Why is blueschist significant?

There was a time when geologists thought the Earth's crust was more or less stable. We take plate tectonics so much for granted these days that it's hard to remember that until about 60 years ago just about the only action geologists accepted in the Earth's crust was the bubbling up of masses of igneous material in orogenic events, to form batholiths, or in volcanic events. There is a (ahem) mountain of (cough) rock-solid evidence for plate tectonics, which, quibbling about details aside, is as well accepted a theory as that of evolution or relativity. Blueschist was there in the beginning, however, and was an important datum in establishing the behavior of subduction zones.

What is schist in general?

Schist is a widespread metamorphic rock. It has been subjected to extremes of pressure, temperature, or both, within the earth. These extremes can do several things to rocks; in the case of schist, they cause a recrystallization of the minerals within the rock, which tend to reform in planes perpendicular to the direction of compression. In addition, schists are usually micaceous, exhibiting the luster characteristic of flakes of mica, and often also contain needle-like amphibole crystals (like actinolite). Blueschist forms in a very special environment, however, and is for that reason a strong evidence of plate tectonics.

How does blueschist form?

The oceanic crust forms out of long cracks from which mafic (manganese and iron-rich) rock extrudes; the extruded material moves away from the central ocean fissures something like a conveyor belt (this is the metaphor I was taught in college). Junk from the ocean and sediments from the land rain down more or less thickly on this oceanic crust as it moves toward the continents. Now, the continents float, because they are marginally lighter than the mafic material, while the oceanic crust hits the edge of the continents and bends down, back toward the mantle.

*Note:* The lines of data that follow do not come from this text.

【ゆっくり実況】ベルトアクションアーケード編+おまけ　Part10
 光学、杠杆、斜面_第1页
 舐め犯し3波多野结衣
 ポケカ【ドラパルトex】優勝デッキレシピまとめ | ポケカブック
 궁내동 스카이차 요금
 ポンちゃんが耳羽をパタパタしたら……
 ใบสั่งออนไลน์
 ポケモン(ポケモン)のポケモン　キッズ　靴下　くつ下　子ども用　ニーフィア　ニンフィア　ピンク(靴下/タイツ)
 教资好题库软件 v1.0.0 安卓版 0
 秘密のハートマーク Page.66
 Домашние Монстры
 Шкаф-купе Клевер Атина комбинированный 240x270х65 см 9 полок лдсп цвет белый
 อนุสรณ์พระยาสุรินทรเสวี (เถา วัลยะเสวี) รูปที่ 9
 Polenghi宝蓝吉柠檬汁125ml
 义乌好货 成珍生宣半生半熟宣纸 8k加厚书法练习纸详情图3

As it sinks, it heats up and big "bubbles" of melted oceanic crust boil up to erupt in andesite-producing volcanoes along the coast like the Cascades in North America. I was taught that these volcanoes can be fairly violent in their eruptions because the oceanic material has a lot of water locked up in it, and when pressure is released . . . .

But none of this was clear to geologists when plate tectonics was being debated, because there was no technology to image sinking oceanic crust. (Now it can be done, and the sonic image of subducting oceanic crust is one of the triumphant justifications of the theory.) Blueschist, on the other hand, develops as the crud on top of the oceanic crust literally gets scraped off and smashed by the "impact" with the continent.

Blueschist has as its signature mineral glaucophane, a beautiful blue amphibole which forms in high pressure/comparatively low temperature environments, and it pops up in outcrops as a highly metamorphosed rock in seas of somewhat less metamorphosed greenschists and serpentinites along (for example) the west coast of the United States, particularly in the coastal ranges of California and Oregon. (The areas which have experienced just the right high/pressure low temperature metamorphism are called "blueschist facies" precisely because of the characteristic presence of this rock there.)

Proponents of the plate tectonic theory pointed out that blueschists couldn't form in very deep (hot) places, because it is intense pressure, but not heat, that produces blueschists (high heat would cause different minerals to form in the schist). Occam's razor pointed to plate tectonics and the relentless pressure of the scraping of crustal plates of an entire planet--near the surface--as the most economical model to explain the widespread presence of heat-sensitive metamorphic rocks like the blueschists along the California coast (and here and there elsewhere on the planet where conditions have been right).

Blueschists are somewhat harder than the rocks they are normally associated with and often weather out of them as outcroppings. In the Bay Area they are called "knockers." I picked up a few pieces--which I treasure as being somehow significant in the history of science--on the Oregon coast in Bandon (they dynamited a nearby blueschist outcrop to provide hard stone for their jetty).


URLs.

Blueschist photos: http://geology.about.com/library/bl/images/blblueschist.htm. (Including some beautifully colored specimens.)
Greenschist: http://geology.about.com/library/bl/images/blgreenschist.htm.
Course lecture by a pro at Tulane: http://www.tulane.edu/~sanelson/eens211/contact&regional_metamorph.htm.
Tomography of the Japanese subduction zone: http://epsc.wustl.edu/classwork/classwork_210a/transparencies/wysession/w06.jpg.

References.

Alt, David, and Hyndman, Donald. 1978. Roadside Geology of Oregon. (See pp. 97-98 on the blueschist specimens in Bandon, Or.)
----------. 1984. Roadside Geology of Northern California. (See pp. 13-24 on the California coastal range and its oddities.)
Press, Frank, and Siever, Raymond. 1982. Earth (third edition). (See pp. 375-391 on metamorphism, 386 on blueschists in particular.)

I am not a professional geologist. I checked this information, but I may have gotten something wrong, alas!